The Thrakian king Lykourgos (Lycurgus) attacked Dionysos and his companions as they were travelling through his land and drove them into the sea. As punishment, the god inflicted him with madness causing him to murder his wife and son and mutilate himself with an axe.
King Pentheus of Thebes refused to accept the god's divinity and tried to apprehend him. The god retaliated by driving the king's daughters into a crazed frenzy and they tore him apart limb from limb.
Dionysos instructed the hero Ikarios (Icarius) of Athens in the art of winemaking. However, some shepherds, upon drinking the wine, thought they had been poisoned and killed him. The sorrowful god then set him amongst the stars as the constellation Bootes.
As Dionysos was travelling through the islands of the Aegean Sea he was captured by a band of Tyrrhenian pirates who thought to sell him into slavery. The god infested their ship with phantoms of creeping vines and wild beasts, and in terror the men leapt overboard and were transformed into dolphins.
Dionysos married princess Ariadne of Krete (Crete) whom he discovered abandoned by Theseus on the island of Naxos.
The god launched a campaign against the Indian nation in the farthest reaches of Asia, leading an army composed of Satyrs, Mainades, and demigods.
Dionysos journeyed to the underworld to recover his mother Semele and brought her to Olympos where Zeus transformed into the goddess Thyone.
SYMBOLS & ATTRIBUTES
Dionysos' most distinctive attribute was the thyrsos, a pine-cone tipped staff. His other attributes included a drinking-cup (kantharos), fruiting grapevines and a panther.

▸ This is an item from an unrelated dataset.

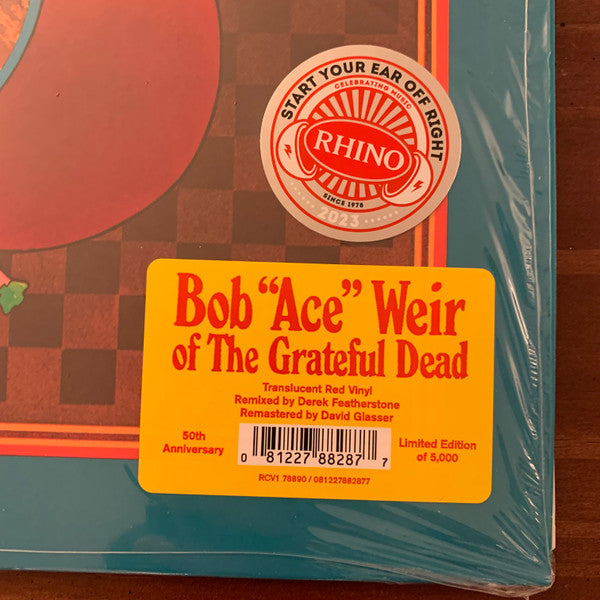 Bob Weir : Ace (LP, Album, Ltd, RE, RM, Red)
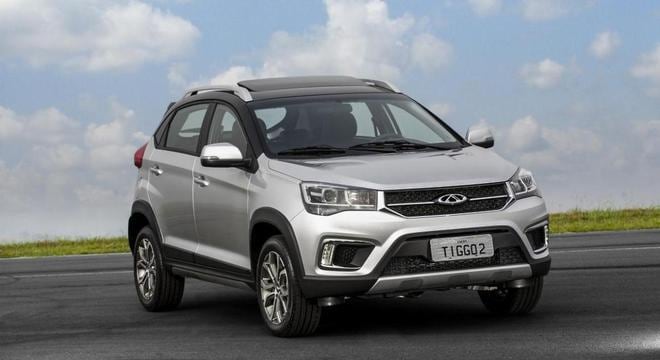 Tiggo 2 continua a ser o carro mais barato da marca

The god was usually clothed in a long robe (chiton) and cloak (himation) and crowned with a wreath of ivy-leaves.
SACRED ANIMALS & PLANTS
Dionysos' sacred animals were the panther (leopard), tiger, bull and serpent. The god rode on the back of a panther or drove a chariot drawn by a pair of the beasts.
His sacred plants were the grapevine, ivy, bindweed (prickly ivy) and pine tree. Devotees of the god wore wreaths of ivy and carried pine-cone tipped staffs.
Dionysos was a son of Zeus, King of the Gods, and Semele, a mortal princess of Thebes. The god was known as the "twice-born" for his mother was slain by the lightning-bolts of Zeus during the course of her pregancy, but rescued by his father who carried him to term sown up inside his thigh.
Dionysos' grandparents were the Titans Kronos (Cronus) and Rheia, King Kadmos (Cadmus) of Thebes and the goddess Harmonia. He was a great-grandson of Ares and Aphrodite (Harmonia's parents) and also a distant descendant of the god Poseidon.
The god's half-brothers and sisters included Hermes, Ares, Aphrodite, Athena, Persephone, Apollon and Artemis.
He married Ariadne, daughter of King Minos of Krete (Crete), and their sons became kings and princes of the best wine-producing regions in ancient Greece.
ENCYCLOPEDIA
Dinysos, the youthful, beautiful, but effeminate god of wine. He is also called both by Greeks and Romans Bacchus (Bakchos), that is, the noisy or riotous god, which was originally a mere epithet or surname of Dionysus, but does not occur till after the time of Herodotus.